Puste doki, zamknięte hale - przygnębiający krajobraz stoczniowy

Straciliśmy już wiarę, że nasza firma kiedykolwiek stanie na nogi - mówią nieliczni robotnicy, przychodzący jeszcze do pracy w Stoczni Gdynia SA.

Puste doki, zamknięte hale - przygnębiający krajobraz stoczniowy
Źródło zdjęć: © WP.PL

13.10.2009 | aktual.: 13.10.2009 11:14

Zakład, który jeszcze niecałe pół roku temu tętnił życiem, zatrudniając armię ponad 5 tys. ludzi, dziś sprawia przygnębiające wręcz wrażenie. Doki są puste, hale produkcyjne pozamykane na cztery spusty. Największa w Europie suwnica, będąca przez lata symbolem potęgi przedsiębiorstwa, stoi w miejscu. Widok stępki pod kolejny samochodowiec, który miał być budowany w Gdyni, a prawdopodobnie nigdy nie zostanie dokończony, wywołuje wśród stoczniowców smutek i ból.

To zresztą i tak obrazek tylko dla nielicznych, bo do zakładu przychodzi obecnie zaledwie 30 osób. Pilnują instalacji gazów technicznych, które ze względu na zagrożenie wybuchu acetylenu nadzorowane muszą być przez całą dobę. Jeszcze kilka tygodni temu stoczniowców w zakładzie było siedemdziesięciu, ale i ta ekipa została okrojona.

- Po prostu dramat - mówił nam wczoraj jeden z robotników. - Jak tak dalej pójdzie, nabrzeża zarosną trawą. Jedyne statki, jakie tu ostatnio widzimy, nie mają nic wspólnego ze Stocznią Gdynia. Któryś z doków wynajmie raz na jakiś czas Gdańska Stocznia Remontowa. Dziś do południa stał tankowiec, piękna maszyna, prawie 250 m. Dziś przypływa kolejny. Ale jaka to dla nas pociecha?

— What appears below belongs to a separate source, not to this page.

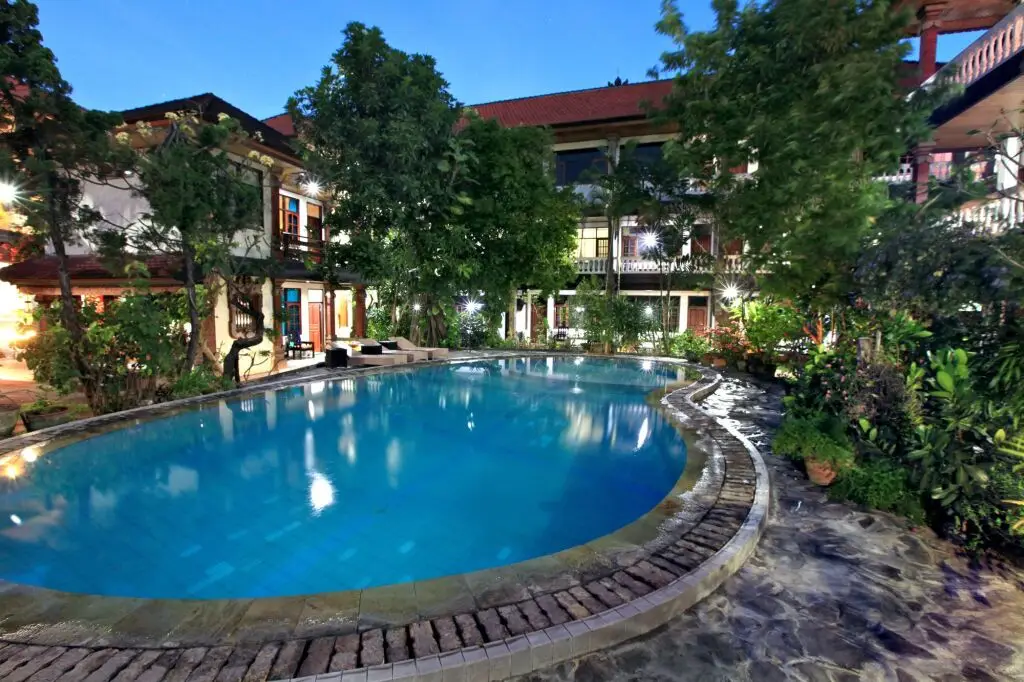 Кута: Kuta Dormitory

Robotników niepokoi też widok wywożonego ze stoczni sprzętu i pustoszonych hal. Ich zdaniem to dobitny dowód na to, iż stocznia nigdy już się nie odrodzi. Pracownicy firmy ochroniarskiej, pilnującej zakładu, mówią jednak, że wszystkie obiekty, które należą jeszcze do przedsiębiorstwa, są zamknięte, a dostępu do nich nie ma. Zaraz jednak dodają, że niektóre hale zostały już w ramach postępowania kompensacyjnego sprzedane prywatnym właścicielom, a ci teraz je porządkują, stąd część sprzętu jest wywożona.

Większość stoczniowców dostępu do zakładu zresztą już nie ma.

- Zabrali nam przepustki - mówi Roman Borowski, nerwowo paląc papierosa przed bramą zakładu. - Przyszedłem dziś tylko, aby odebrać badania z ogólnodostępnej jeszcze, stoczniowej przychodni, bo mam już na oku nową pracę. Ale nawet tych badań mi nie wydali. Cóż... do stoczni już nie wrócę, bo nie ma po co.